Your reply should consist solely of the lines from the start of the material below through the line containing "Austria, 1965, Gymnaestrada, Set, USED", reproduced exactly.

+++ Material for this exercise

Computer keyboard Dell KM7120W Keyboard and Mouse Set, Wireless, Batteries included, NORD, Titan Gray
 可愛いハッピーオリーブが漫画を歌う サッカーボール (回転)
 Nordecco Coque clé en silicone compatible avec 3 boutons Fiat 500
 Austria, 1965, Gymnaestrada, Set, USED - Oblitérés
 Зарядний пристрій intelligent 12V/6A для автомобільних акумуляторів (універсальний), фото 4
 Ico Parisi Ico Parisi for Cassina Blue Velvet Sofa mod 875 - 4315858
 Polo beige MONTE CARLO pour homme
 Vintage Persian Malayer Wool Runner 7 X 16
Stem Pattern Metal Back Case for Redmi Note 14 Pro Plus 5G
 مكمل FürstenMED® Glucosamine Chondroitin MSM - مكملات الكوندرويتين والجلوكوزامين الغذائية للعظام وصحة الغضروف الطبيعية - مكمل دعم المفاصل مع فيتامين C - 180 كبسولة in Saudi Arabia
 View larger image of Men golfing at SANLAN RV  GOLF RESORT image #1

++++++

## Output of the task
Computer keyboard Dell KM7120W Keyboard and Mouse Set, Wireless, Batteries included, NORD, Titan Gray
 可愛いハッピーオリーブが漫画を歌う サッカーボール (回転)
 Nordecco Coque clé en silicone compatible avec 3 boutons Fiat 500
 Austria, 1965, Gymnaestrada, Set, USED - Oblitérés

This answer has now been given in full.